A team of researchers in the University of Tennessee Health Science Center's College of Medicine has been awarded a $1.98 million grant from the National Institute of Diabetes and Digestive and Kidney Disease (NIDDK), a division of the National Institutes of Health, for a novel approach to studying diabetes.
Darryl Quarles, MD, University of Tennessee Medical Group endowed professor of Nephrology, director of the Division of Nephrology, and associate dean for Research in the College of Medicine, and Lu Lu, MD, professor of Genetics, Genomics and Informatics, are the dual principal investigators on the study that focuses on a specific protein related to metabolic function that could be a key in developing new drugs to treat diabetes.
The project, titled "Genetic and Environmental Determinants of GPRC6A Regulation of Energy Metabolism Using Genetically Engineered Mice and Systems Biology," focuses on the role of a specific protein called GPRC6A. It is a G-protein coupled receptor notable for its nutrient-sensing abilities and regulation of energy metabolism. In experiments using mouse models, the research team has found that if they delete GPRC6A, a cascade of adverse consequences occur, including obesity, fatty liver, and glucose intolerance. Conversely, if they activate the protein, it prevents high-fat-diet-induced metabolic complications in the liver, and releases hormones that coordinate metabolic functions between the liver and other organs.
We've found that this receptor directly regulates glucose and fat metabolism in the liver and muscle through pathways that do not involve traditional factors, such as insulin. In addition, GPRC6A coordinates the release of an ensemble of metabolically active hormones, such as insulin, FGF21, testosterone, GLP1 and IL-6. Its ligands and multiple effects on glucose and fat metabolism creates a new schema for understanding energy metabolism. It's unique."

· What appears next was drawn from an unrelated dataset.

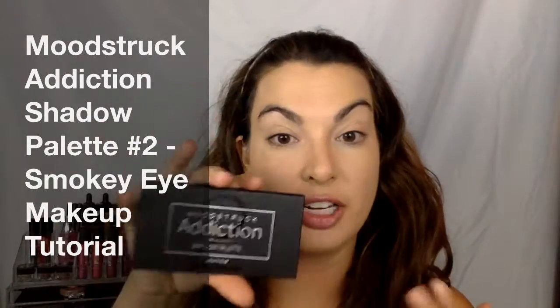Hi everyone, so I feel like I've not had a chance to jump on and do a dedicated video utilizing the Moodstruck Addiction Shadow Palette No. 2 for an eye makeup look. So I thought I would do that today.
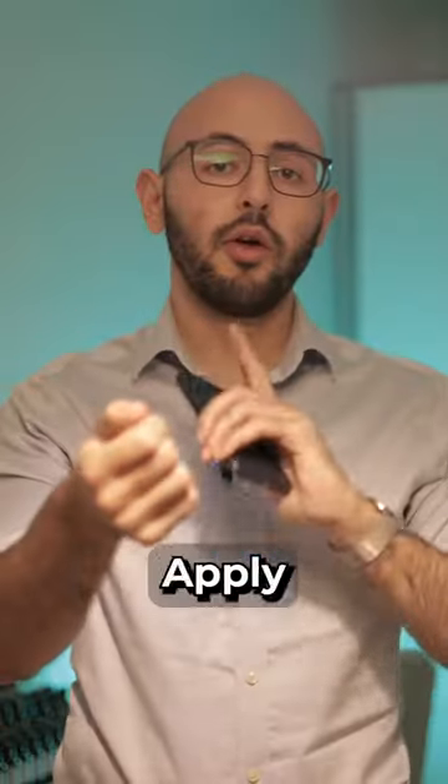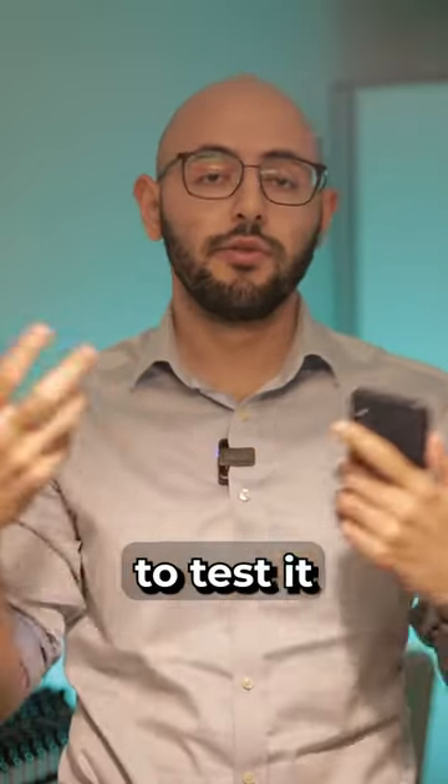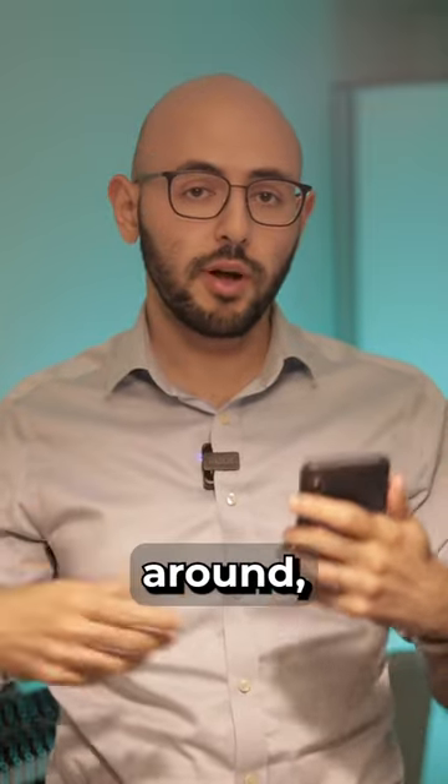Putting it on the wrist is wonderful because as you move your hands you make the scent come to life. Applying on the pulse point on your wrist is a very good way to apply because you can smell the fragrance easily to test it throughout the day, and as he says, as you move your hands around you spread it around.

Dr. Darryl Quarles, University of Tennessee Medical Group endowed professor of Nephrology, director of the Division of Nephrology, and associate dean for Research in the College of Medicine
In explaining the significance and promise GPRC6A holds in unraveling the complexities of diabetes, Dr. Lu noted that current studies of the disease and metabolic disorders focus on the pancreas and pancreas-isolated hormones. "But this G-protein receptor is unique in what it does in many organs," he said. "Our project focuses on the liver, but we can extend this research to the brain, to the bone, to other organs."

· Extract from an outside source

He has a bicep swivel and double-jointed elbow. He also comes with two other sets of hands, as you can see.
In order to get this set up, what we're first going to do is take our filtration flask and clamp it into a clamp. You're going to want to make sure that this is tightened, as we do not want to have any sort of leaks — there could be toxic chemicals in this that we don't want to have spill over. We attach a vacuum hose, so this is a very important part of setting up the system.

Using molecular and cell biology and mouse genitive approaches, and system genetics headed by Dr. Lu, the team intends to investigate GPRC6A's function in the liver as a prototype for understanding how it controls glucose and fat metabolism in other organs. Their aim is to identify the gene networks that GPRC6A regulates in energy equilibrium, and determine the genetic modifiers that influence its effects. They will also work to validate it as a target for developing new drugs to treat Type 2 diabetes and metabolic syndrome.